Brief descriptive captions
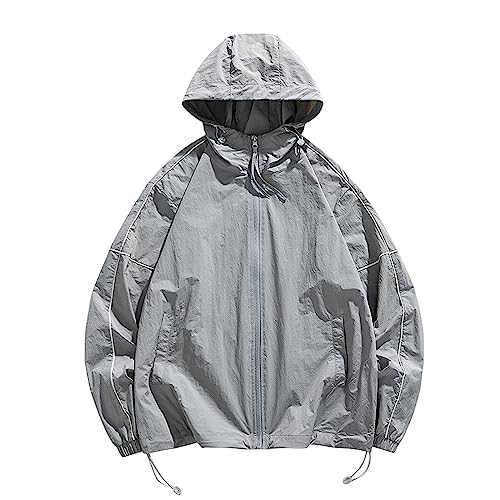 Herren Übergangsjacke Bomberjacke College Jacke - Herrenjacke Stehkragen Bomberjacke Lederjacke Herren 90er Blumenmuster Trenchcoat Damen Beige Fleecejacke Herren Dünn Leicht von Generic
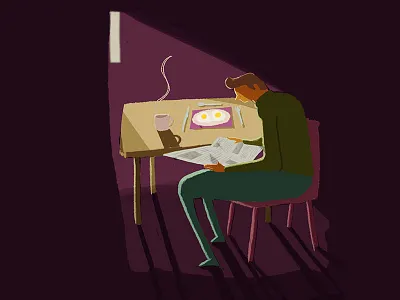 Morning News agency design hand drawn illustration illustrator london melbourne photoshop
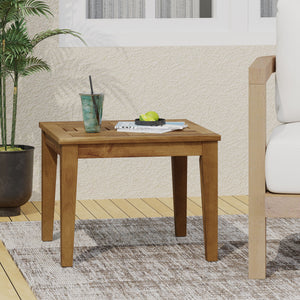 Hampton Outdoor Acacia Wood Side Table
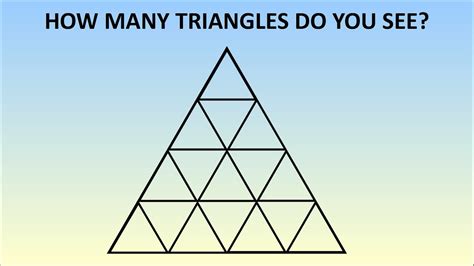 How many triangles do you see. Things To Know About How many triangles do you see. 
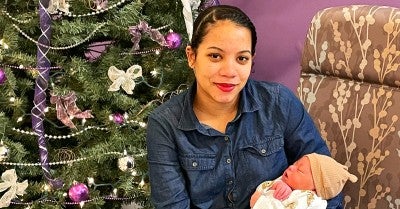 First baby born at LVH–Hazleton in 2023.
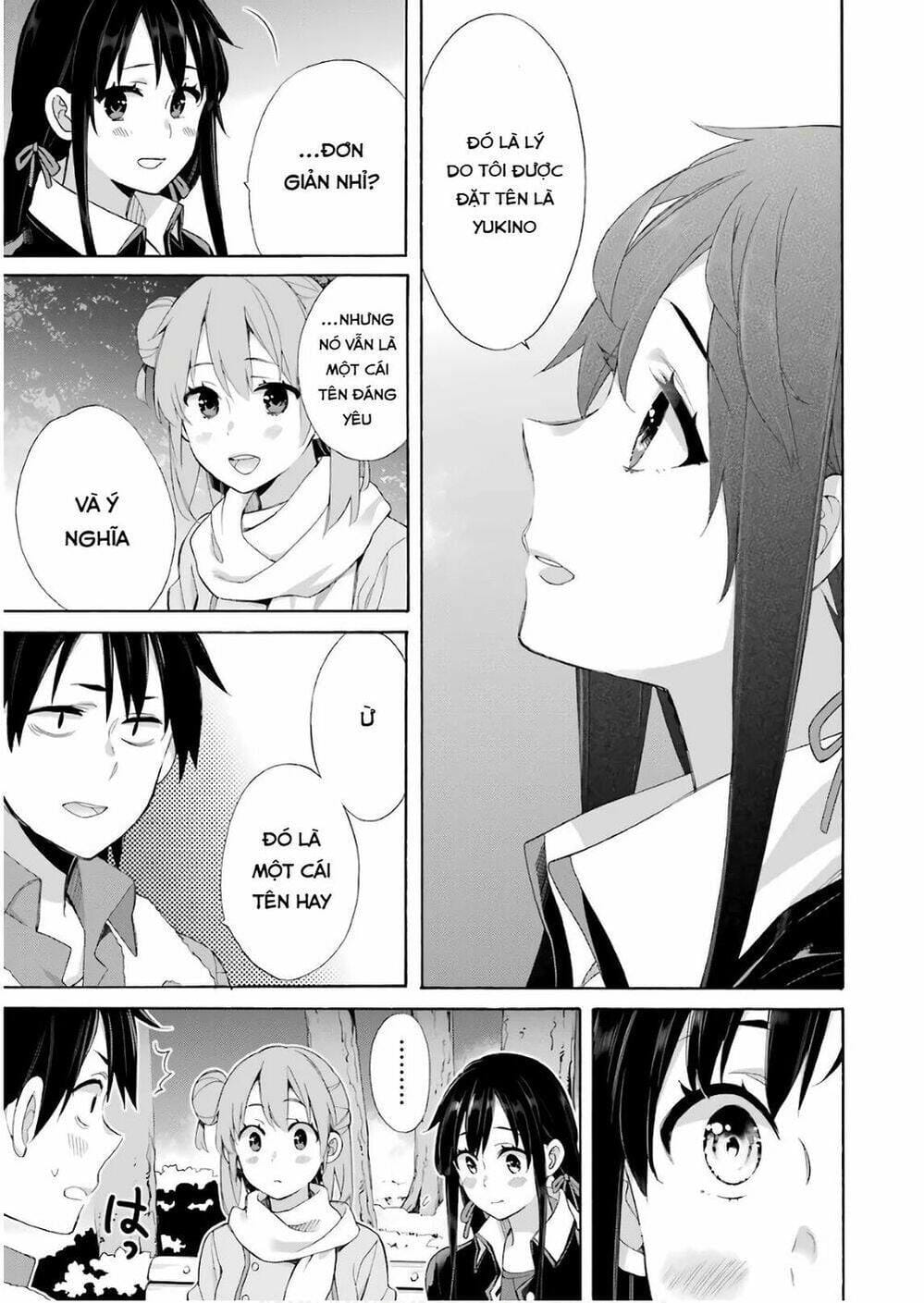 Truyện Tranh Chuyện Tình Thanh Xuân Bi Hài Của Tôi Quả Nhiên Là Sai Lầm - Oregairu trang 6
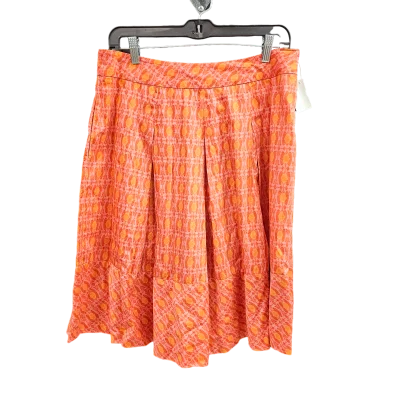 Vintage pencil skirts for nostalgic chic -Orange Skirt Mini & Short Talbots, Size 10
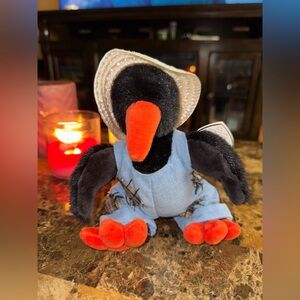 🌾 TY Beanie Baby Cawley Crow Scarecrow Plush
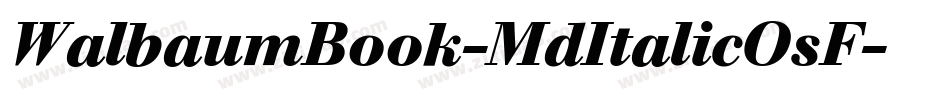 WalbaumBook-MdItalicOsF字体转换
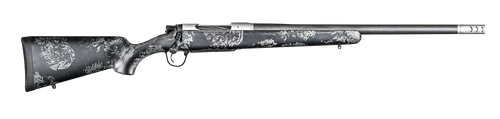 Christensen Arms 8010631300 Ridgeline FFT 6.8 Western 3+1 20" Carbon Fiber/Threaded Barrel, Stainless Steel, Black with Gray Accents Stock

Task to complete: Every record above should reappear exactly, with the pictures gone.

Result below:
 Herren Übergangsjacke Bomberjacke College Jacke - Herrenjacke Stehkragen Bomberjacke Lederjacke Herren 90er Blumenmuster Trenchcoat Damen Beige Fleecejacke Herren Dünn Leicht von Generic
 Morning News agency design hand drawn illustration illustrator london melbourne photoshop
 Hampton Outdoor Acacia Wood Side Table
 How many triangles do you see. Things To Know About How many triangles do you see. 
 First baby born at LVH–Hazleton in 2023.
 Truyện Tranh Chuyện Tình Thanh Xuân Bi Hài Của Tôi Quả Nhiên Là Sai Lầm - Oregairu trang 6
 Vintage pencil skirts for nostalgic chic -Orange Skirt Mini & Short Talbots, Size 10
 🌾 TY Beanie Baby Cawley Crow Scarecrow Plush
 WalbaumBook-MdItalicOsF字体转换
 Christensen Arms 8010631300 Ridgeline FFT 6.8 Western 3+1 20" Carbon Fiber/Threaded Barrel, Stainless Steel, Black with Gray Accents Stock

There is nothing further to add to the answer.